Sublime Forum

Regex: Finds words repeated in multiple lines before “|” and after

#1

I have this lines with regex expressions, separated by |, by type Regex_A|Regex_B

(?s)((^.*)(<div class="entry-excerpt">)|(<!-- //.entry -->)(.*$))
(?s)((^.*)(<ul class="smallThumb-mainList">)|(<div class="navig">)(.*$))
(?s)((^.*)(word_2)|(<!-- //.entry -->)(.*$))
(?s)((^.*)(word_2)|(<!-- //.ambro34 -->)(.*$))

I want to find all those words\regex that are repeated before | and those that repeats after |

I try a regex, but doesn’t work too good: (?m)(.*)^(.*)\|(.*)(?=.*\1)

Help, please.

0 Likes

#2

I dont exactly understand what you want without any text excerpt. You should try backreferences (\1) though.

0 Likes

#3

hello bytie, I want a regex, so after search and replace to remain only one instance of:

So, a simple exemple:

Word_1 | Word_2
Word_3 | Word_2
Word_4 | Word_5
Word_4 | Word_6

In this case, Word_4 and Word_2 are repeated. So, I want after search to remain only this ones.
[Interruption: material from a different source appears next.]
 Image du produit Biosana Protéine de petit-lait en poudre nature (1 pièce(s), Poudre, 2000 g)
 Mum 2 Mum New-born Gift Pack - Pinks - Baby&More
This is the output I expected: Word_4 | Word_2

0 Likes

#4

I should excuse, noticed you do know about backreferences.:sweat_smile:

If you’re using ST3 you could get an idea from something like (\w+)\s*\|\s*(\w+)\n(\1\s*\|\s*(\w+)|(\w+)\s*\|\s*\2), it parses a chunk of two strings and matches only if two adjacent strings match on 1st or 2nd word.
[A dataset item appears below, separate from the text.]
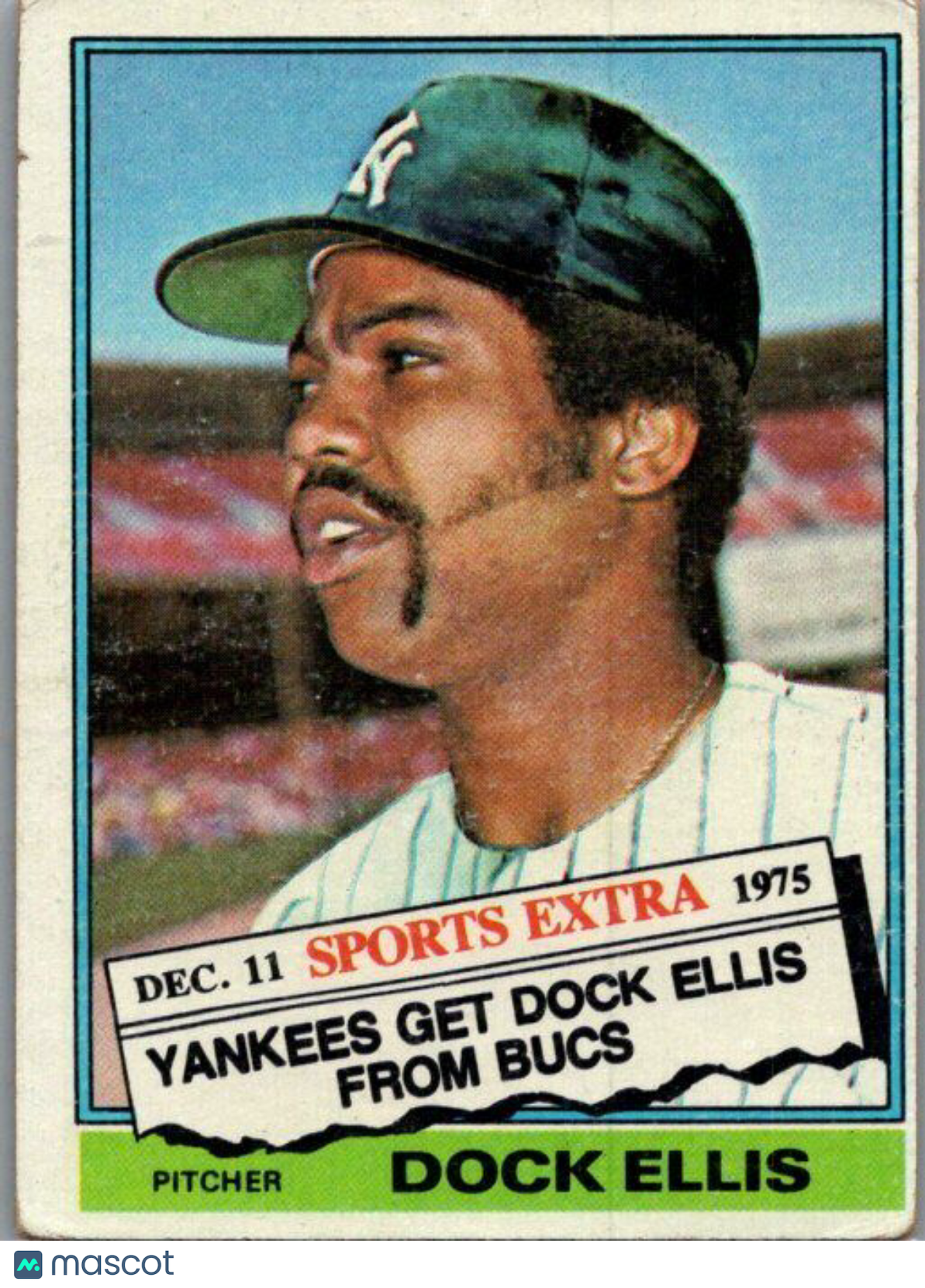 1976 Topps #528T Dock Ellis Traded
If you’re looking for a regex that will filter out words that dont repeat in whole text (by 1 pass) I think it is impossible, because the regex should somehow “know” along all the text when to put a word in a storage and when to ignore/discard it, and regexes aren that smart, you reserve variables in advance in the regex…

0 Likes